Chi sarebbero i noi? Chi sarebbero i loro? Ci sono due schieramenti divisi? E da cosa? Non m’interessa il loro programma elettorale, anche perché è già stato dimostrato che è inutile, non sarà il parlamento europeo a farci uscire dall’euro, né a rivedere il fiscal compact, non ha poteri in merito. M’interessa sapere se io sono “noi” o sono “loro” e su che basa, perché io non mi sento né l’uno né l’altro. La verità è che mi sento altro, come le singole persone. Questa corsa ad un’identità da truppa, da gruppo forte, mi fa pensare che davvero non si è imparato molto dai fatti della storia, proprio oggi che sono 22 anni dalla strage di Capaci.
Le pagine meno gloriose del nostro passato sarebbero le più istruttive se solo accettassimo di leggerle per intero, scrive Todorov, filosofo bulgaro, e noi, come cittadini, come popolo, come italiani, non l’abbiamo fatto. Né lo facciamo. Non c’interessa il confronto, o meglio non a tutti, meglio il capro espiatorio. Più facile, più diretto, si vinca o si perda, almeno sappiamo tutti chi è il nemico, chi è quello che ci ha resi più poveri, ma soprattutto molto più miseri.

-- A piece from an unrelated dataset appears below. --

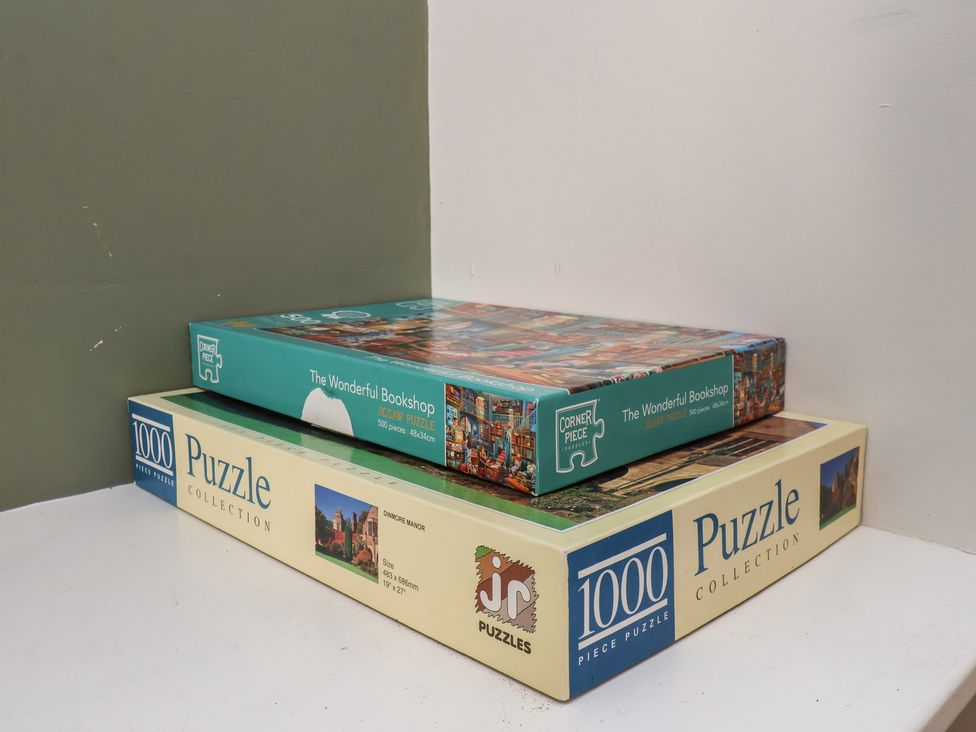 Puzzle boxes stacked on a shelf at 35 Moorland Road Scarborough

Si rispolverano slogan sulla tecnologia, come arma di liberazione, come grimaldello di una rivoluzione che non c’è stata – sarebbe bello indagare sui perché – ma sempre Todorov scrive: Il progresso tecnologico non comporta una superiorità sul piano dei valori morali e sociali (né una condizione di inferiorità). Eppure la trasparenza si può ottenere senza tecnologia. Però abbiamo bisogno di un culto, di una religio, di qualsiasi cosa che ci unisca, anche se poi non la sentiamo del tutto nostra. Abbiamo bisogno di un’identità di gruppo perché non riconosciamo più ciò che siamo, questo non solo nel nostro paese, ma in tutto l’Occidente. Su questa morte del pensiero come l’abbiamo conosciuto e studiato, stiamo scegliendo le soluzioni più facili e più deleterie, anzi le non-soluzioni.
Capisco che sia necessario un viaggio lungo e insidioso, ma preferisco provarci e partire da una citazione di Focault: Forse oggi l’obiettivo principale non è di scoprire che cosa siamo, ma piuttosto di rifiutare quello che siamo. Dobbiamo immaginare e costruire ciò che potremmo diventare.
Siamo diventati zombie, adesso rendiamoci conto e proviamo a immaginarci altro.